I think… we might be getting somewhere.
It’s been a bit of a frustrating week. First, T’s bank card was frozen because the Fraud Alert people, grateful though we are to them, thought there was ‘unusual activity’ on the card. Apparently, T is such a homebody that ‘unusual activity’ means ‘She spent money.’ We had to use D’s card for the hotel for T’s Conference, despite the fact that it was reserved on her card. Weird. (We have since written the bank an extensive and detailed letter informing them that the end of this month and onward is going to open up a whole new world of being alert, and to be prepared for actual monetary expenditures…)
Also, we had also decided to begin anew The Great Obsession, and start flat-hunting on-line, which meant hours of computer obsessing and peering at virtual tours and typing in postal codes into Google Earth to see how close or far a place is from the University. Reading the small print to determine the difference between a WC vs. an ‘ensuite’ vs. a bathroom vs. a shower room has also been an interesting part of the process. (An ensuite means a bathroom in a bedroom. A bathroom… could mean a room with a bath. Fear not, U.S. folk, we will have two bathrooms in the American sense, so visiting will be comfy for everyone!) We have also learned the difference between a double bedroom or a single bedroom, and a box room… and found out that most ‘lounges’ (formerly known as ‘living rooms’) have … doors. Even some of the kitchens we’ve seen have doors to close them off from the dining room and lounge. It’s definitely a different style.

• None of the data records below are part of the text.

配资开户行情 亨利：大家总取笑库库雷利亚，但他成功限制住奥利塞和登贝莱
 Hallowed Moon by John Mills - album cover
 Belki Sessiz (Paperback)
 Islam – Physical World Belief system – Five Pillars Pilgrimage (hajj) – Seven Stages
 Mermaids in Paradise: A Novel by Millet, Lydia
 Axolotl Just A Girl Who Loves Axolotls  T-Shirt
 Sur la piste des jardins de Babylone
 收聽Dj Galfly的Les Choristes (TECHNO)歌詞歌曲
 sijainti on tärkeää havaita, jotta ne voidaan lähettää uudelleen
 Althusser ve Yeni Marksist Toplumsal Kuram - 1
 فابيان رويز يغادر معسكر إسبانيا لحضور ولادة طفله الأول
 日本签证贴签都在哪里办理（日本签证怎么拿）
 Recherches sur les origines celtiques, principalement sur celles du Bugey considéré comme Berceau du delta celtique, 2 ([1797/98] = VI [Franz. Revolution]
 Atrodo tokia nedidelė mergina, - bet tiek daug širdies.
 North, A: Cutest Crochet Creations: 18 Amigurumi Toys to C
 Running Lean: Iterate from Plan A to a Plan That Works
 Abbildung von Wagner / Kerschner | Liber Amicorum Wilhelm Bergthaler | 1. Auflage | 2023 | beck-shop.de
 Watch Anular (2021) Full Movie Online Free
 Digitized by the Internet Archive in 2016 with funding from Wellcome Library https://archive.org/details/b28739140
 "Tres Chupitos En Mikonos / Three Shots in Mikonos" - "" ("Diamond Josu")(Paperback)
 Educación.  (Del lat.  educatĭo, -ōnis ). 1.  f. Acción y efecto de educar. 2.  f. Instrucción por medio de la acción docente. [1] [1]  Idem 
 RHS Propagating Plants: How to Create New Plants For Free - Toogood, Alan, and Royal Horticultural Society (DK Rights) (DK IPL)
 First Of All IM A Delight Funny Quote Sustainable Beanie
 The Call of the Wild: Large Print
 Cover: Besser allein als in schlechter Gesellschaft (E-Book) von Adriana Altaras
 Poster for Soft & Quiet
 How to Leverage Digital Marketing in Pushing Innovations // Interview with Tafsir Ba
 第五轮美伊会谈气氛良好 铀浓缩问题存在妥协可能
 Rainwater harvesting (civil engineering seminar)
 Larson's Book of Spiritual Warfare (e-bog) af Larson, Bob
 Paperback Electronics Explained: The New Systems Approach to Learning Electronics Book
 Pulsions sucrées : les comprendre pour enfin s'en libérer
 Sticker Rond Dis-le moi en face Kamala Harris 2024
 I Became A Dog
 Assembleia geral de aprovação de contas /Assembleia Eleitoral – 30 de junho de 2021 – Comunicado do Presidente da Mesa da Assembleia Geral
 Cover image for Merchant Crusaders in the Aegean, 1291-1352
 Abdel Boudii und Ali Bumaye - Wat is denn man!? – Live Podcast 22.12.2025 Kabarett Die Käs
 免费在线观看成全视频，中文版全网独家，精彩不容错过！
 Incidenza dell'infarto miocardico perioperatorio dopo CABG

A few of the ‘letting agents’ have been great to work with, replying reasonably to email and following through as if we were worth their time. We are quickly finding, however, that unlike with renting in the U.S., this letting business is best done via the telephone… which requires us getting up at five or so, trying to find brains and the ability to speak, and then listening carefully to extrapolate linguistic meaning from pleasant Scottish burrs, e-nun-ci-a-ting so as not to cause undue amusement (one lady was chuckling between every other word. Surely we don’t sound THAT flat-vowelled and nasal? She should hear Southerners or Midwesterners!). Anyway, after all of that effort? We have been put off a bit.
“Oh, well, Bridgeton is undergoing a redevelopment,” one estate negotiator informed us. “There are some areas…” When we asked her to elaborate, she said she couldn’t. Okay, then, why bring it up?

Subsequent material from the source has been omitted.